Modelzoo
The following section gives an overview of all implemented models in NeuralHydrology. Conceptually, all models in our package consist of two parts, the model class (which constitutes the core of the model as such) and the model heads (which relate the outputs of the model class to the predicted variables). The section Model Heads provides a list of all implemented model heads, and the section Model Classes a list of all model classes. If you want to implement your own model within the package you best start at the section Implementing a new model, which provides the necessary details to do so.
Model Heads
The head of the model is used on top of the model class and relates the outputs of the Model Classes to the predicted variable. Currently four model heads are available: Regression, GMM, CMAL and UMAL. The latter three heads provide options for probabilistic modelling. A detailed overview can be found in Klotz et al. “Uncertainty Estimation with Deep Learning for Rainfall-Runoff Modelling”.
Regression
neuralhydrology.modelzoo.head.Regression
provides a single layer regression head, that includes different activation options for the output. (namely a linear, relu and softplus).
It is possible to obtain probabilistic predictions with the regression head by using Monte-Carlo Dropout. Its usage is defined in the config.yml by setting mc_dropout
. The sampling behavior is governed by picking the number of samples (n_samples
) and the approach for handling negative samples (negative_sample_handling
).
GMM
neuralhydrology.modelzoo.head.GMM
implements a Gaussian Mixture Model head. That is, a mixture density network with Gaussian distributions as components. Each Gaussian component is defined by two parameters (the mean, the variance) and by a set of weights. The current implementation of the GMM head uses two layers. Specific output activations are used for the variances (torch.exp()
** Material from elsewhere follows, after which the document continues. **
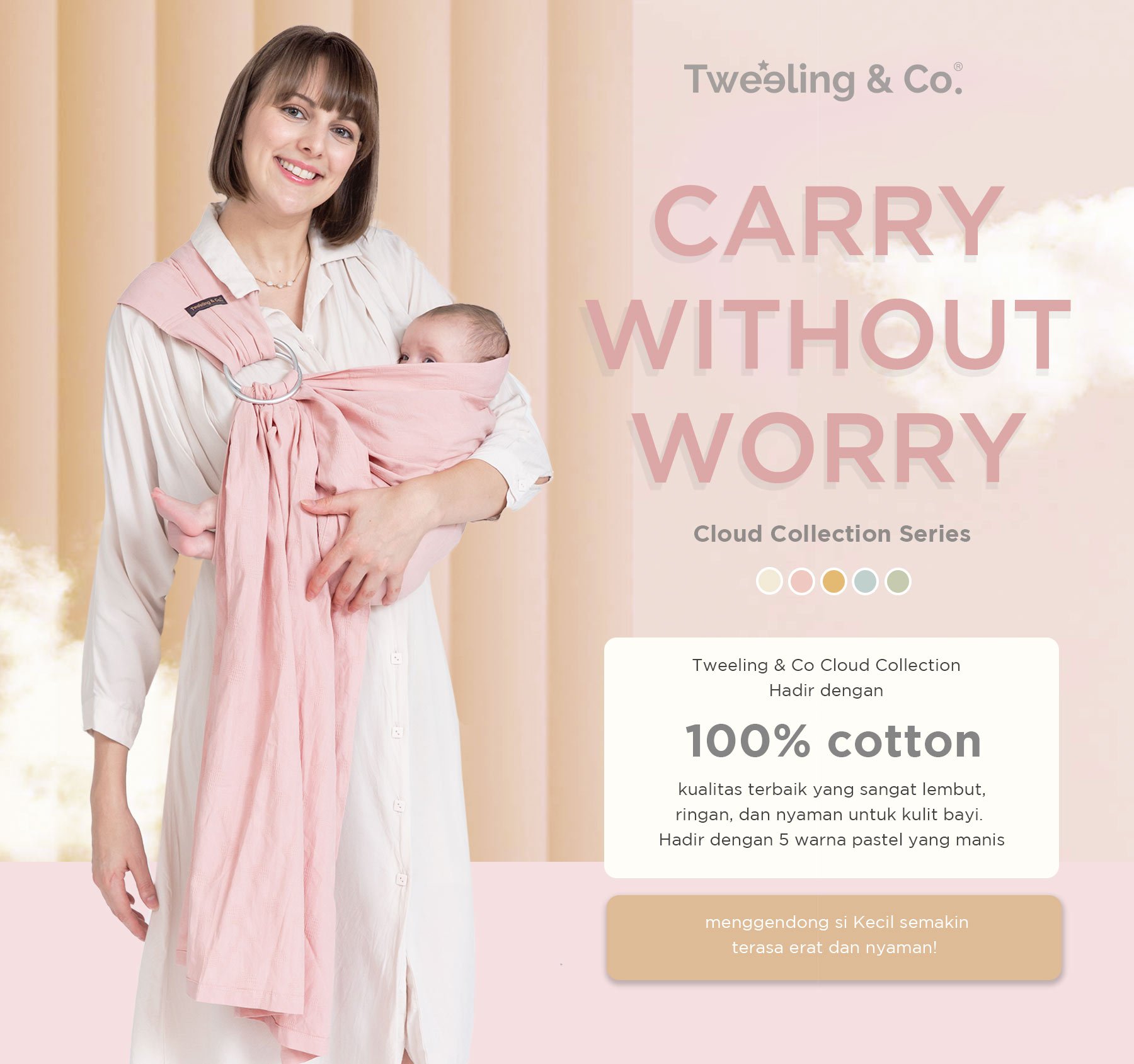 Tweeling & Co. Cloud Collection - Gendongan Bayi Kain description image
) and the weights (torch.softmax()
).
The number of components can be set in the config.yml using n_distributions
. Additionally, the sampling behavior (for the inference) is defined with config.yml by setting the number of samples (n_samples
), and the approach for handling negative samples (negative_sample_handling
).
CMAL
neuralhydrology.modelzoo.head.CMAL
implements a Countable Mixture of Asymmetric Laplacians head. That is, a mixture density network with asymmetric Laplace distributions as components. The name is a homage to UMAL, which provides an uncountable extension. The CMAL components are defined by three parameters (location, scale, and asymmetry) and linked by a set of weights. The current implementation of the CMAL head uses two layers. Specific output activations are used for the component scales (torch.nn.Softplus(2)
), the asymmetries (torch.sigmoid()
), and the weights (torch.softmax()
). In our preliminary experiments this heuristic achieved better results.
The number of components can be set in the config.yml using n_distributions
. Additionally, one can sample from CMAL. The behavior of which is defined by setting the number of samples (n_samples
), and the approach for handling negative samples (negative_sample_handling
).
UMAL
neuralhydrology.modelzoo.head.UMAL
implements an Uncountable Mixture of Asymmetric Laplacians head. That is, a mixture density network that uses an uncountable amount of asymmetric Laplace distributions as components. The uncountable property is achieved by implicitly learning the conditional density and approximating it, when needed, with a Monte-Carlo integration, using sampled asymmetry parameters. The UMAL components are defined by two parameters (the location and the scale) and linked by a set of weights. The current implementation uses two hidden layers. The output activation for the scale has some major differences to the original implementation, since it is upper bounded (using 0.5*torch.sigmoid()
).
During inference the number of components and weights used for the Monte-Carlo approximation are defined in the config.yml by n_taus
. The additional argument umal_extend_batch
allows to explicitly account for this integration step during training by repeatedly sampling the asymmetry parameter and extending the batch by n_taus
. Furthermore, depending on the used output activation the sampling of the asymmetry parameters can yield unwarranted model behavior. Therefore the lower- and upper-bounds of the sampling can be adjusted using the tau_down
and tau_up
options in the config yml.
The sampling for UMAL is defined by choosing the number of samples (n_samples
), and the approach for handling negative samples (negative_sample_handling
).
Model Classes
BaseModel
Abstract base class from which all models derive. Do not use this class for model training.
ARLSTM
neuralhydrology.modelzoo.arlstm.ARLSTM
is an autoregressive long short term memory network (LSTM)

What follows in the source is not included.